Published in Graphics

Intel patches huge holes in GPU drivers

by on15 March 2019


More holes than Blackburn Lancashire

Chipzilla has patched several high-severity vulnerabilities in its graphics drivers for Windows 10, which could lead to code execution.

Intel has patched 19 vulnerabilities across its popular graphics drivers for Windows 10, including two high-severity flaws.

According to an Intel advisory CVE-2018-12216 and CVE-2018-12214 allow a privileged user to execute arbitrary code via local access.

“Multiple potential security vulnerabilities in Intel Graphics Driver for Windows may allow escalation of privileges, denial-of-service or information disclosure”, Intel said in a Tuesday security advisory. “Intel is releasing Intel Graphics Driver for Windows updates to mitigate these potential vulnerabilities.”

Apparently the more serious of these (CVE-2018-12216) has a CVSS score of 8.2 and stems from insufficient input validation in the kernel mode driver within Intel Graphics Driver for Windows.

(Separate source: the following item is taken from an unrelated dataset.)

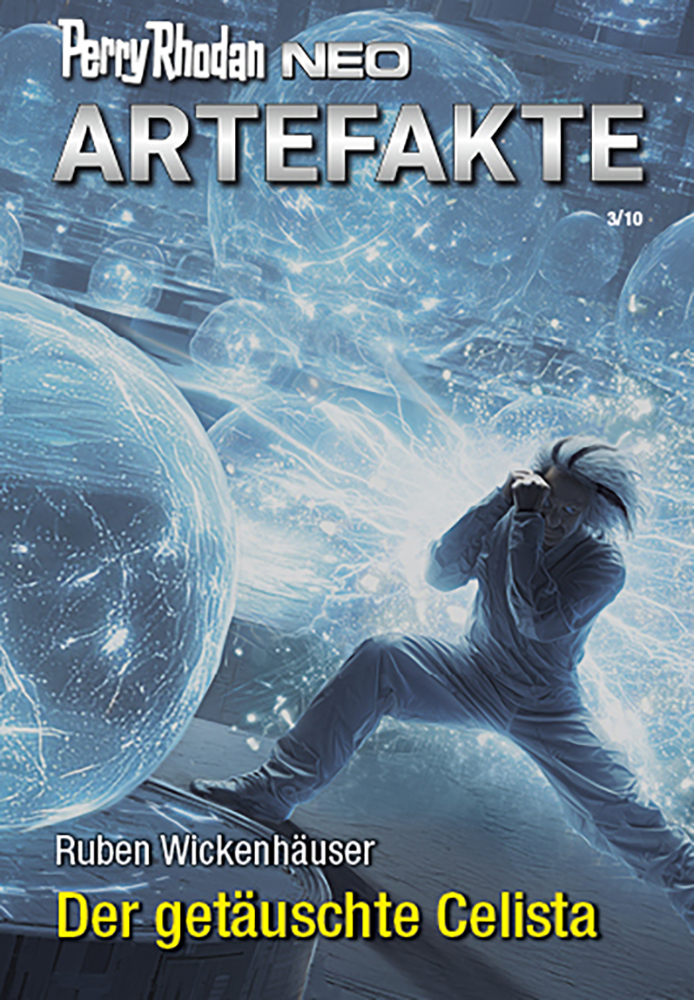 Der getäuschte Celista (Kindle Edition)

The kernel mode driver of a graphics driver executes any instruction it needs on the CPU without waiting and can reference any memory address that is available.

The other high-severity vulnerability (CVE-2018-12214) has a CVSS score of 7.3 and exists due to potential memory corruption in the same kernel mode driver.

Impacted versions are those previous to 10.18.x.5059 (aka 15.33.x.5059), 10.18.x.5057 (aka 15.36.x.5057), 20.19.x.5063 (aka 15.40.x.5063) 21.20.x.5064 (aka 15.45.x.5064) and 24.20.100.6373.

Bryan Becker, application security researcher at WhiteHat Security said that this was not the first time Chipzilla has faced vulnerabilities on this scale and it probably would not be the last.

“A vulnerability in CPU architecture is one of the most insidious, as there is very little users can do to protect themselves, short of just not using it until a patch comes out”, he told Threatpost

The graphics driver patches are part of a larger set of fixes across seven Intel products, including its Matrix Storage Manager, Active Management Technology and Accelerated Storage Manager.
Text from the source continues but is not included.